▶ TASK OBJECTIVE: Beginning with the line that contains "Google Pixel Fold (ctí popis) - 2", repeat each line exactly through the end of the listing below. Pictures stay out.

● ● ●

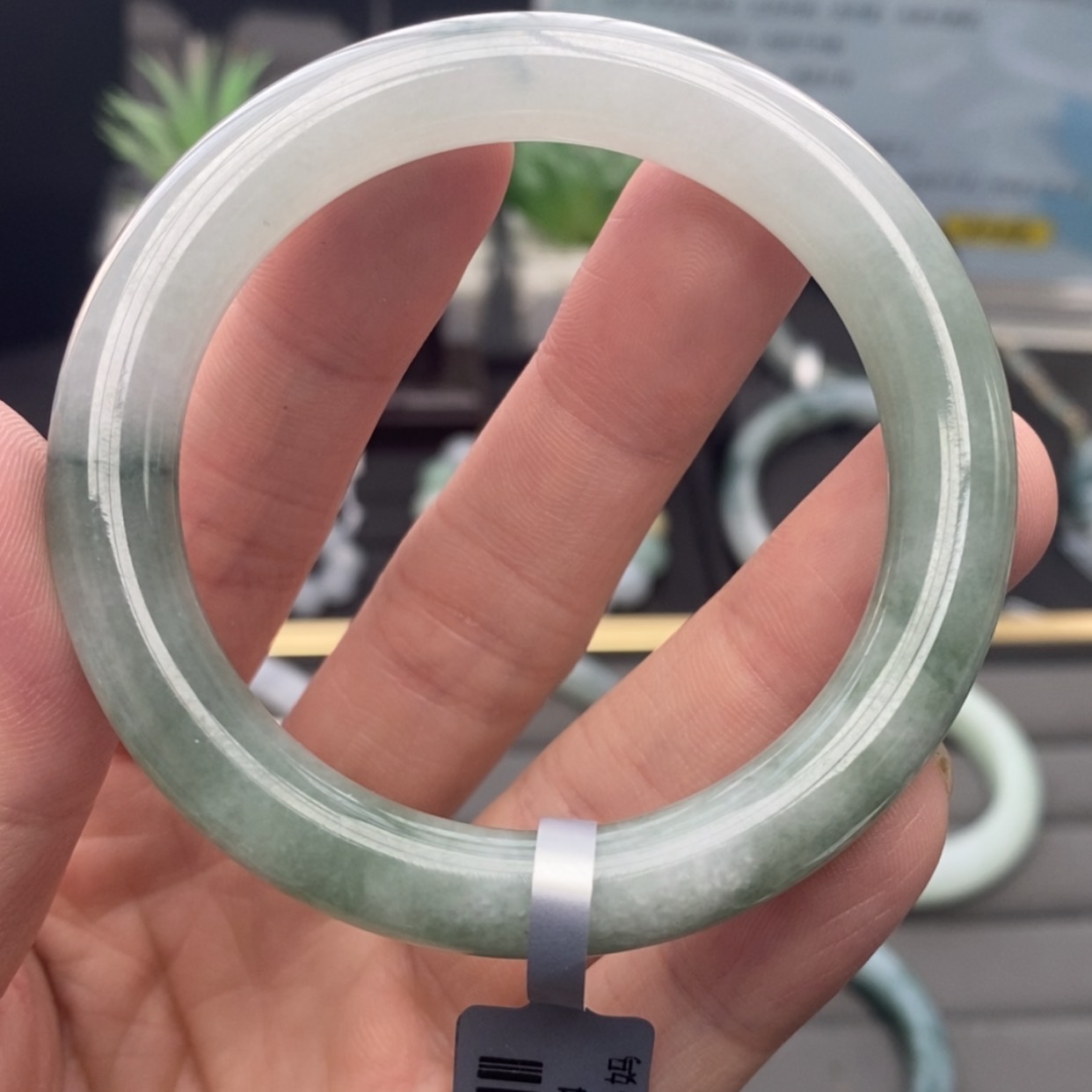 【闪购商品】未镶嵌手镯翡翠翡翠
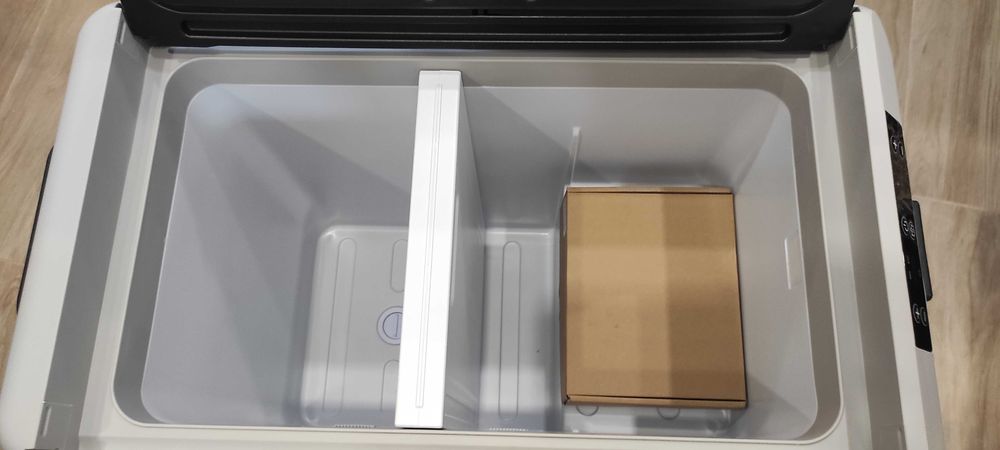 Нов! Компресорен хладилник с фризер VEVOR. Реални снимки.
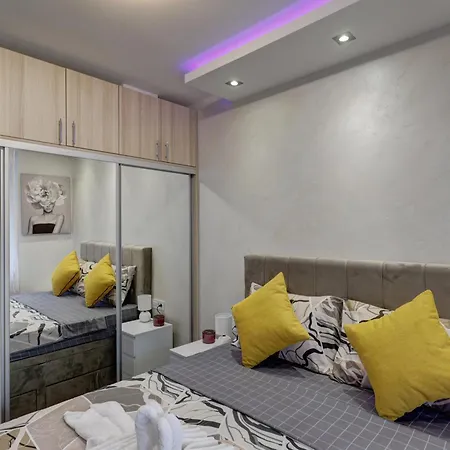 Lux Ivan With Free Private Parking Apartment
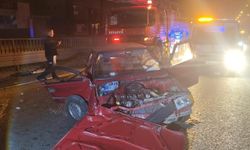 İnegöl'de kontrolden çıkan otomobil bariyerlere çarptı, 1'i ağır 2 kişi yaralandı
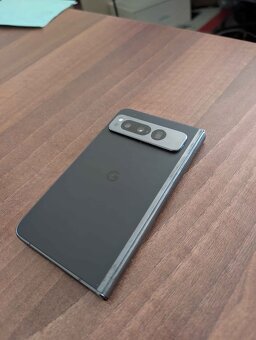 Google Pixel Fold (ctí popis) - 2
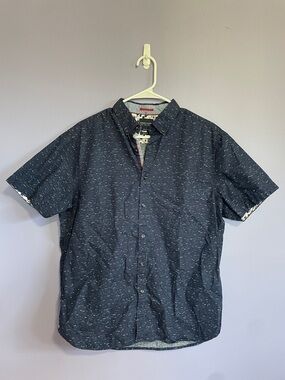 Denim & Flower Navy Speckled Short-Sleeve Button-Down Shirt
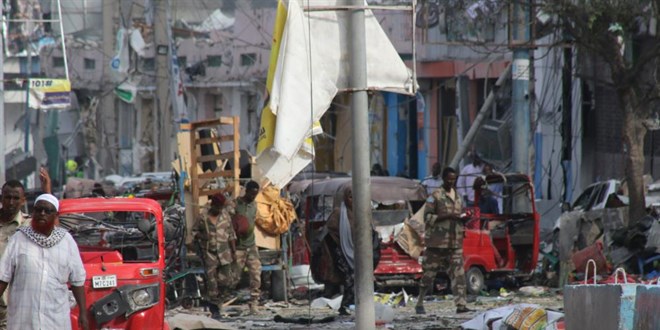 Somali'de Eitim Bakanlna dzenlenen saldrda can kayb 120'ye ykseldi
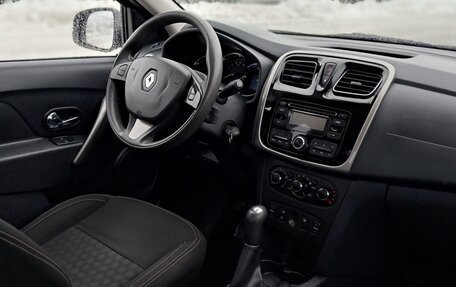 Renault Logan II, 2015 год, 710 000 рублей, 15 фотография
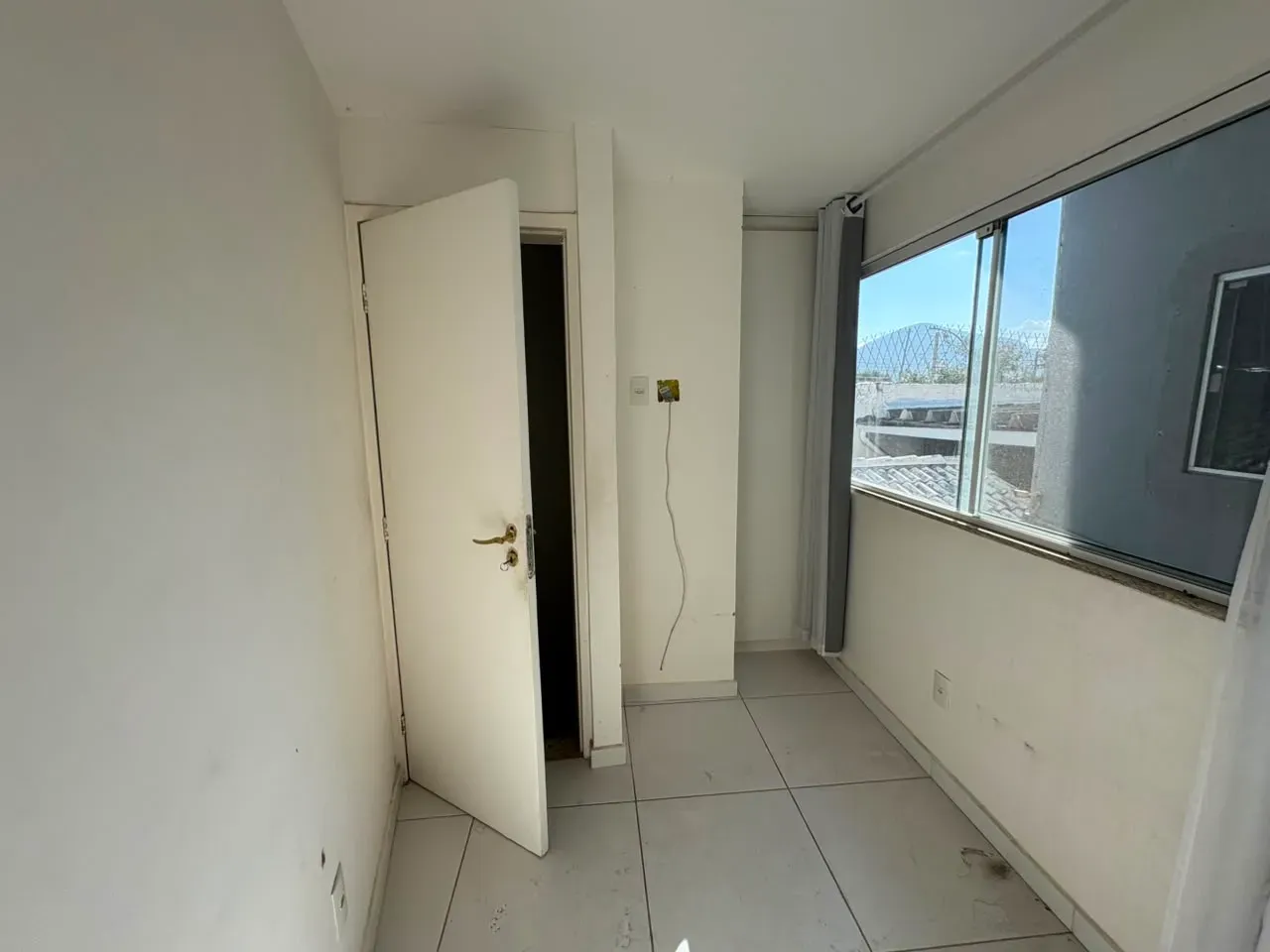 Furnished 266 m² house with 6 bedrooms and balcony grill — photo 40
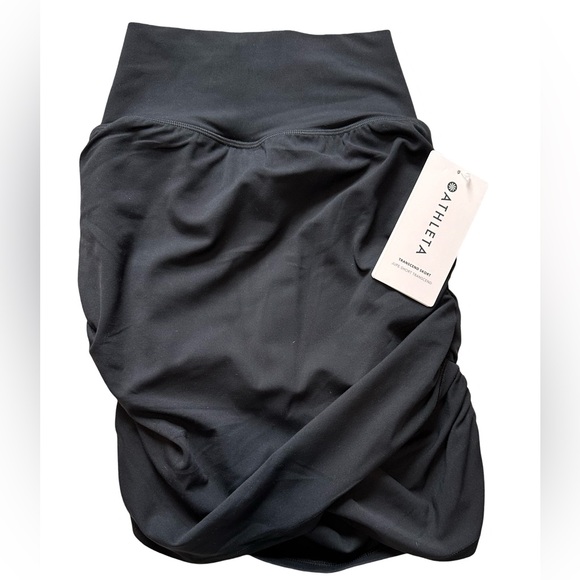 Athleta Dresses & Skirts - Athleta NWT Transcend Skort Black Size XS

● ● ●

▶ ANSWER TO THIS PROBLEM:
 Google Pixel Fold (ctí popis) - 2
 Denim & Flower Navy Speckled Short-Sleeve Button-Down Shirt
 Somali'de Eitim Bakanlna dzenlenen saldrda can kayb 120'ye ykseldi
 Renault Logan II, 2015 год, 710 000 рублей, 15 фотография
 Furnished 266 m² house with 6 bedrooms and balcony grill — photo 40
 Athleta Dresses & Skirts - Athleta NWT Transcend Skort Black Size XS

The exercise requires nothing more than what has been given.